In this tutorial we are going to explore how to run psi4 in Jupyter notebooks via psi4's Python API.

Import psi4

The first step necessary to run psi4 in Jupyter is to import psi4


In [ ]:
import psi4

Specify the molecular geometry

Next, we specify the molecular geometry. We will consider an hydrogen molecule with a bond distance of 1 Å and specify the geometry using the zmat format.

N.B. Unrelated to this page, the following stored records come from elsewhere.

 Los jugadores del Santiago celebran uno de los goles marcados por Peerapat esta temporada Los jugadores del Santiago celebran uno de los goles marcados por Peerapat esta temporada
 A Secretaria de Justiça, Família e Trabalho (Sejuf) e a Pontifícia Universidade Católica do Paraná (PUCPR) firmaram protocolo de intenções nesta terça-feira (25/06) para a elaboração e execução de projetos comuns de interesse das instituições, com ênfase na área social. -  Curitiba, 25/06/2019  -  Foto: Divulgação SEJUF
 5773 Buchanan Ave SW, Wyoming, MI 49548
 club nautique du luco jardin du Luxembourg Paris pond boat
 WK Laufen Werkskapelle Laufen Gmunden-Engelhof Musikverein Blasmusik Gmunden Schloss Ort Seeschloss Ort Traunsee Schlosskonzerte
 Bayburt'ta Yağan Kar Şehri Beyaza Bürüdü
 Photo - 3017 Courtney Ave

We also specify the charge (0) and multiplicity (1 = singlet) at the very top of the geometry input.


In [ ]:
charge = 0
multp = 1
rHH = 1.0 # Ångstrom
geom = f'{charge} {multp}\nH\nH 1 {rHH:.6f}' # we use formatted strings
print(geom)

Creating the molecule object and accessing its properties

We can now pass the geometry to psi4 and build a Molecule object. (see psi4/src/libmints/molecule.h)


In [ ]:
mol = psi4.geometry(geom)

The molecule object can queried for information


In [ ]:
print(f"Number of atoms = {mol.natom()}")
print(f"Nuclear repulsion energy = {mol.nuclear_repulsion_energy()}")

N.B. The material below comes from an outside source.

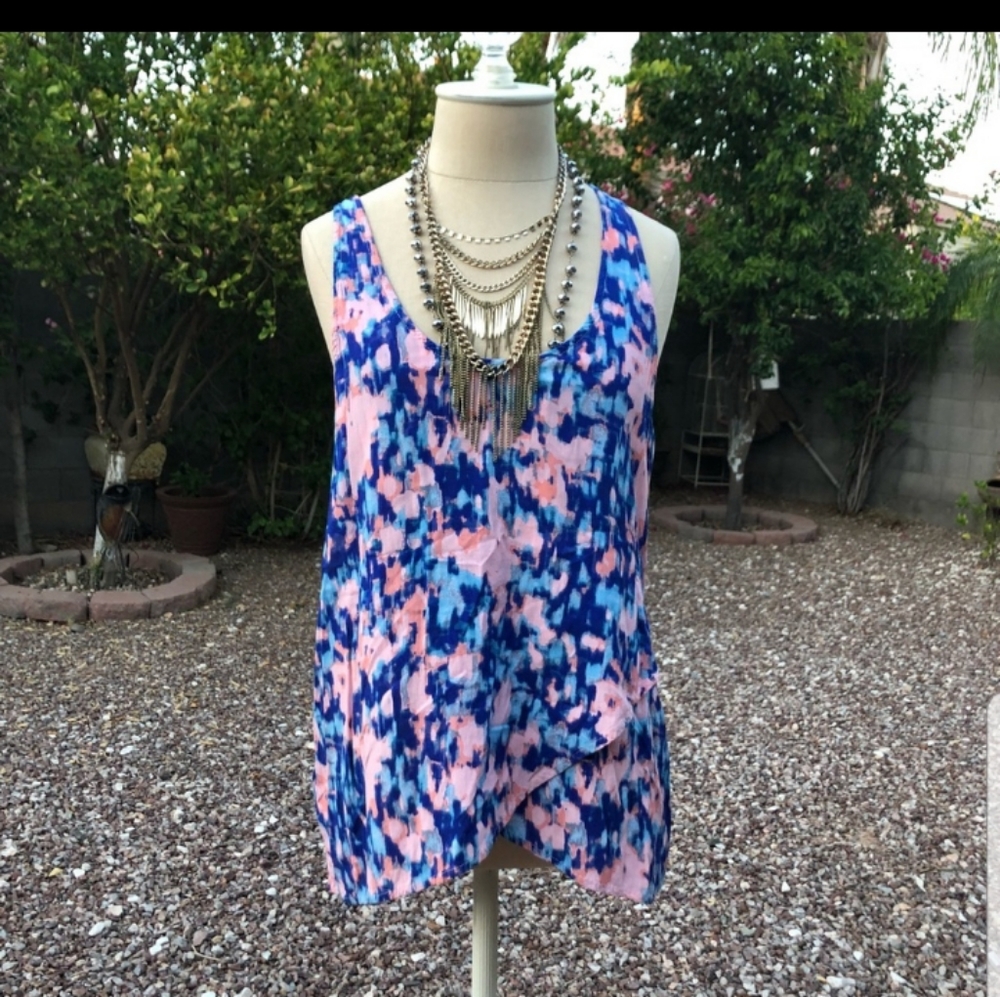 Splendid colorful print top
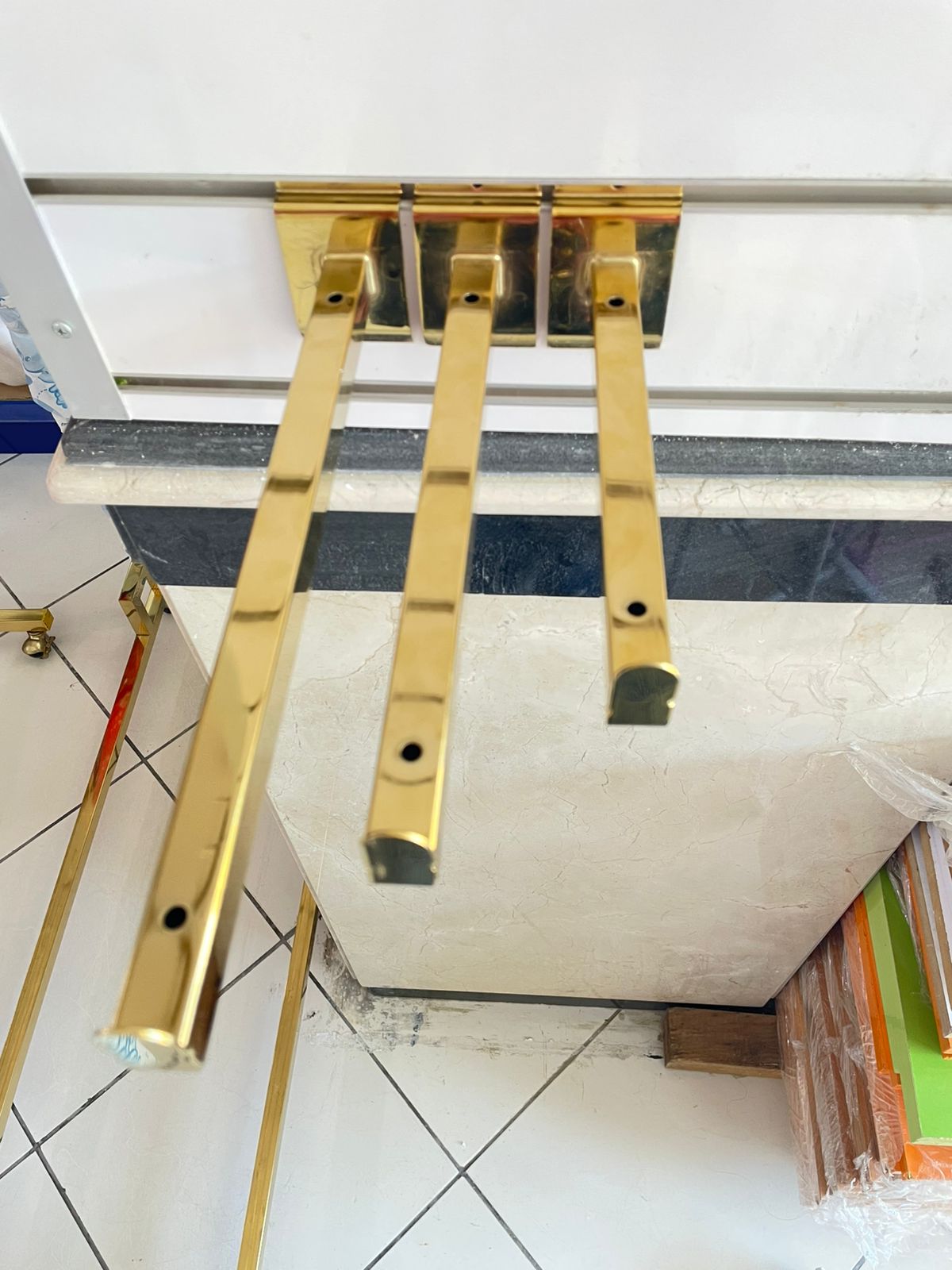 SUPPORT TUBE CARRE PANNEAUX GOLD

and we can even list information about all functions


In [ ]:
help(mol)

Generate Hartree-Fock orbitals using psi4

Using the molecule object we can now compute the MOs using psi4. We first set the options:

  1. basis: the basis set (string)
  2. scf_type: the type of SCF computation (string). 'pk' stands for the SCF algorithm with conventional integrals

In [ ]:
# set basis/options
basis = 'cc-pVDZ'
reference = 'rhf'

psi4.core.clean()

psi4.set_options({'basis': basis,'scf_type': 'pk', 'reference' : reference})

# pipe output to the file output.dat
psi4.core.set_output_file('output.dat', False)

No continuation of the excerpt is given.